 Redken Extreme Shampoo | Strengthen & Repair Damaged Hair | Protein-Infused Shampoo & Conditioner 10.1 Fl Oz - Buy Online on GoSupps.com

━━━━

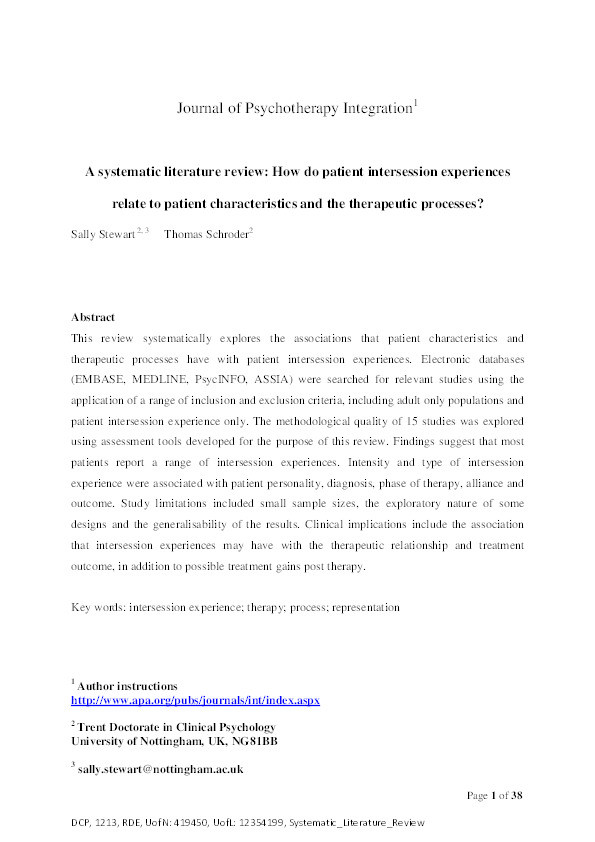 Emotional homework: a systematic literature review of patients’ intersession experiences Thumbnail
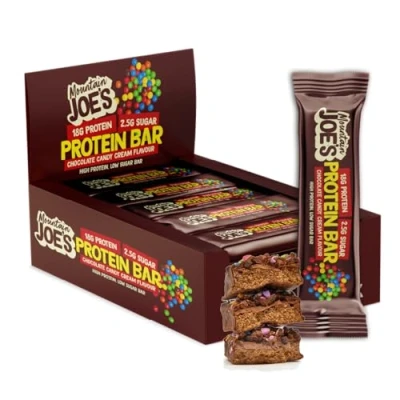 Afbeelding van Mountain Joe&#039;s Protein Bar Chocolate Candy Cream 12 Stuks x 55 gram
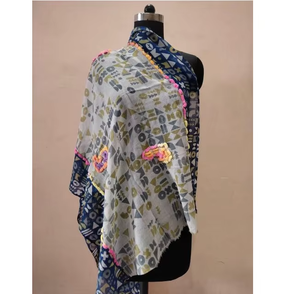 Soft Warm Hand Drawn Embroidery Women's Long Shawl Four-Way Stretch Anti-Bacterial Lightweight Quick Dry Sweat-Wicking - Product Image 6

━━━━

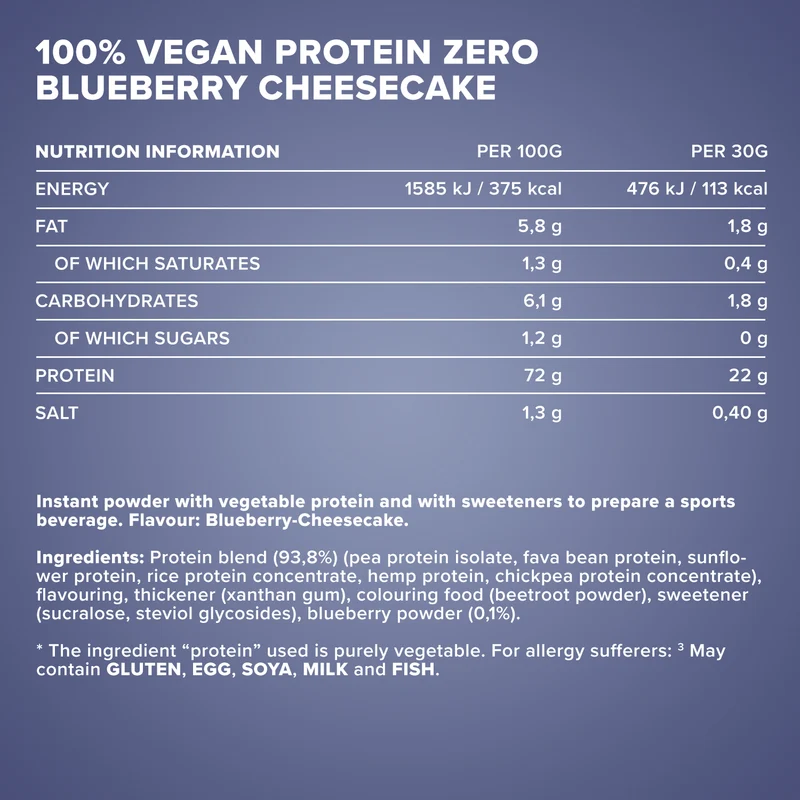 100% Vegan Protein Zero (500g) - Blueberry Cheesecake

━━━━

▶ **WHAT THE TASK ASKS**
Could you transcribe exactly the entries above, but only the lines from the one with "Afbeelding van Mountain" through the one with "Soft Warm Hand", and without pictures?

▶ **ANSWER SECTION**
 Afbeelding van Mountain Joe&#039;s Protein Bar Chocolate Candy Cream 12 Stuks x 55 gram
 Soft Warm Hand Drawn Embroidery Women's Long Shawl Four-Way Stretch Anti-Bacterial Lightweight Quick Dry Sweat-Wicking - Product Image 6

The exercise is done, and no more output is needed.